The election is just 99 days away, and if we wait any longer to act, we could lose the Senate. The FEC deadline is in 24 hours and we’re $250,000 away from our goal–can you contribute $5? Sherrod Brown’s lead is practically gone after getting outspent 3-to-1. Elizabeth Warren’s words are being twisted and distorted, and now she’s in a dead heat.

Republicans are stooping to the lowest lows to win. They’re using dirty voter suppression tactics and distorting the records of progressives, and it’s working.

We’ve got a choice. We can hope for the best and watch Republicans take over government. Or we can fight for progressives like Elizabeth Warren and Sherrod Brown.

I am surprised that Elizabeth Speaks with Forked Tongue Warren is even with Scott Brown. I would have thought that with her embarrassing claims to be a Native American would have put her far behind. This is Massachusetts though. They kept that murderer Ted Kennedy in office.

Joe Biden is blunt.

David —

The only way we win this election is by each of us stepping up to do our part.

I’m going to be blunt: Before tomorrow’s FEC deadline, the campaign needs your support more than ever. We’ve been outraised by Mitt Romney and the Republicans — by tens of millions of dollars — for two straight months.

But while their money comes mostly from very wealthy donors, corporations, and special interests, our campaign is powered by you. That’s a point of pride.

He forgot to mention the unions and Hollywood celebrities.

James Carville is joining in.

Fuck —

I wish I had good news for you.

I want to tell you that President Obama has a second term in the bag.
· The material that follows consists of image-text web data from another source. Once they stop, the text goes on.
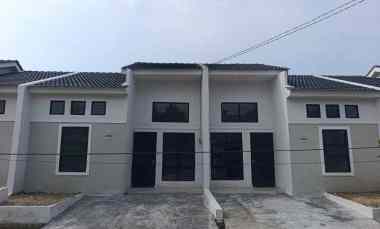dijual rumah jalan raya megu cisoka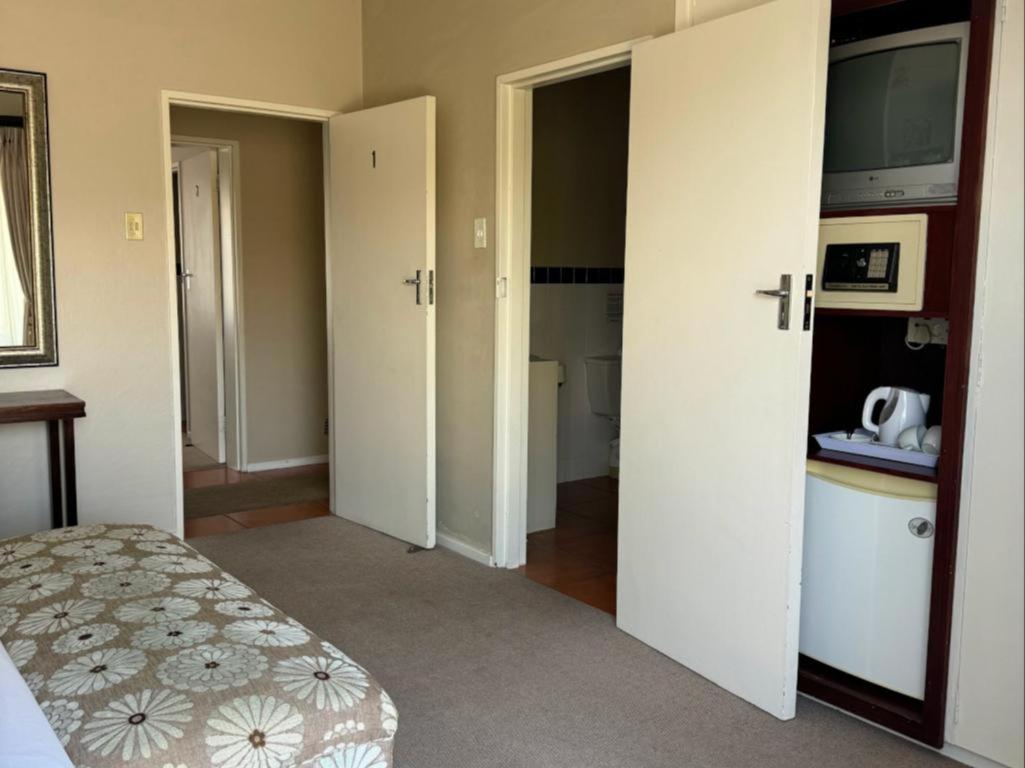 Comfort King Room photo 3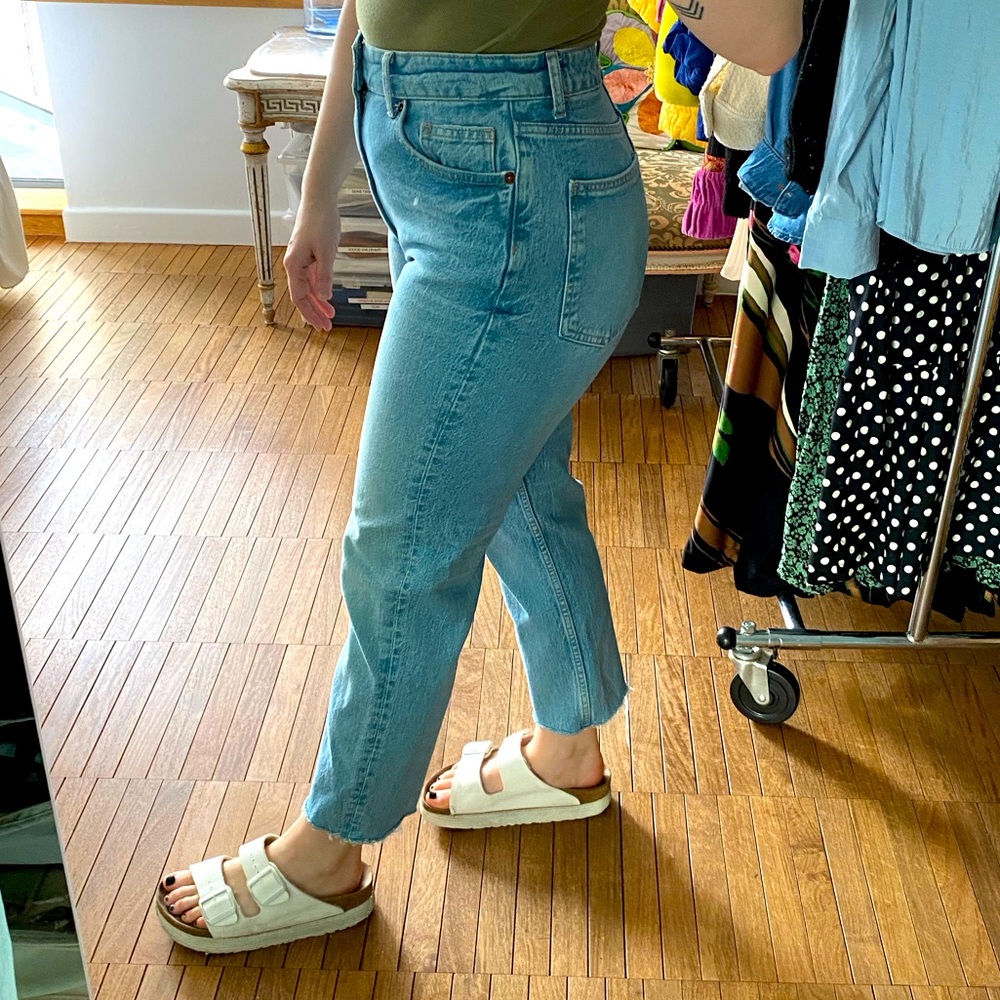 ZARA CROPPED MOM JEANS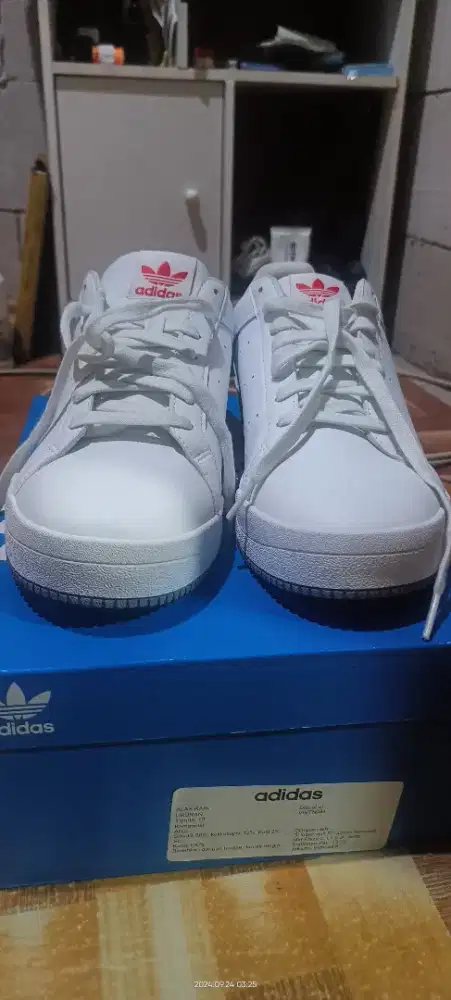 Sepatu Adidas Court Tourino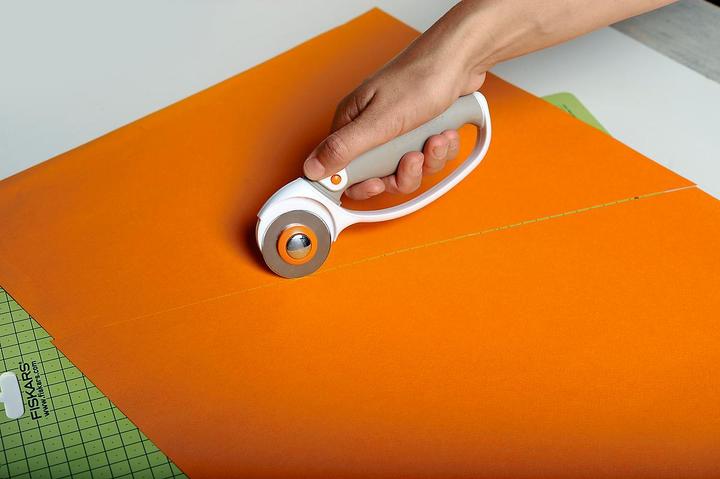Actual product image Fiskars Titanium rolling knife (Cutters)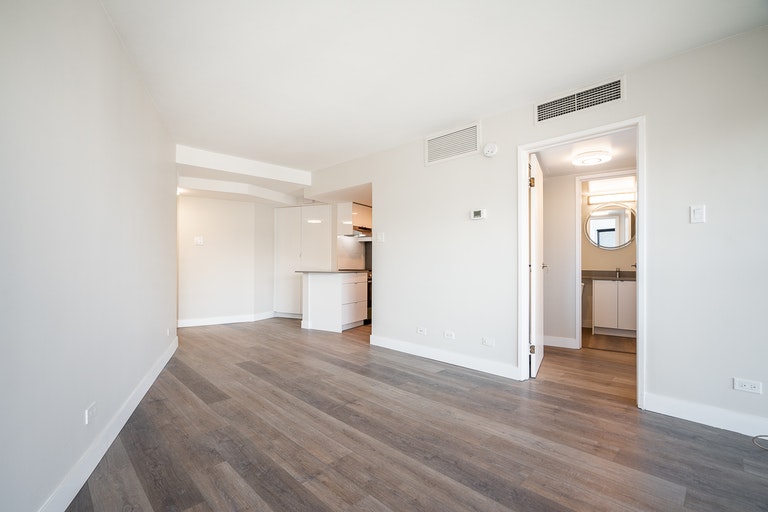 1011 Beach Avenue, Vancouver, BC, V6E 1T8 - 6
I want to tell you that the Koch Brothers are giving up their plot to buy the election.

But here’s where things really stand: We’re gonna have to go through hell and high-water to win this damn thing. It’s gonna be hard. Every big-oil billionaire and Republican Super PAC is throwing the kitchen sink at President Obama.

If we don’t fight back, it’ll be over long before November.

That all sounds like good news to me. Did you notice that their troubles are due to evil, shadowy, big money donors like oil billionaires and the Koch Brothers? It couldn’t possible be due to the terrible record of President Obama.

Last and least, there is Al Gore.


The last thing we want is the Republican Party — a party that’s been hijacked by an extremist fringe — to win the White House and tighten its grip on Congress.

That would spell disaster for our economy and our environment.

Karl Rove and the ultra-conservative Koch brothers are pouring millions of dollars into this campaign. Democrats are depending on the individual support we get from people like you.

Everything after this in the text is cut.